Problem: Below this line is the material. Write out only its lines from the one containing "Pays Basque) Policías" through the one containing "HINO RANGER 2023 Image 31", both kept, exactly.

Exercise data:
++++++

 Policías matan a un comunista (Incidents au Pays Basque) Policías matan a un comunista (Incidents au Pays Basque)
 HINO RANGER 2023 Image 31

++++++

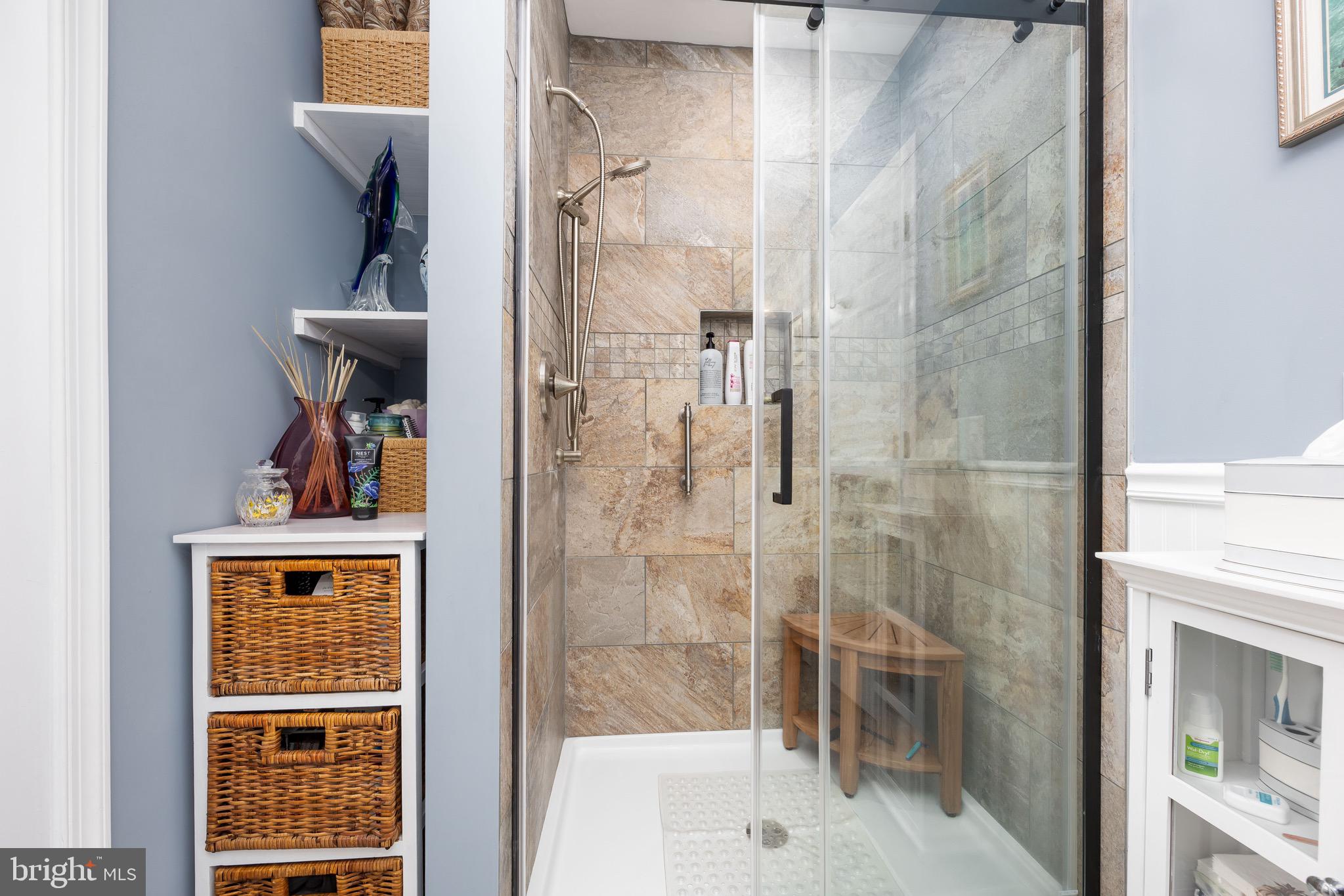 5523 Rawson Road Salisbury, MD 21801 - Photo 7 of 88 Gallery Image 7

++++++

Written answer:
 Policías matan a un comunista (Incidents au Pays Basque) Policías matan a un comunista (Incidents au Pays Basque)
 HINO RANGER 2023 Image 31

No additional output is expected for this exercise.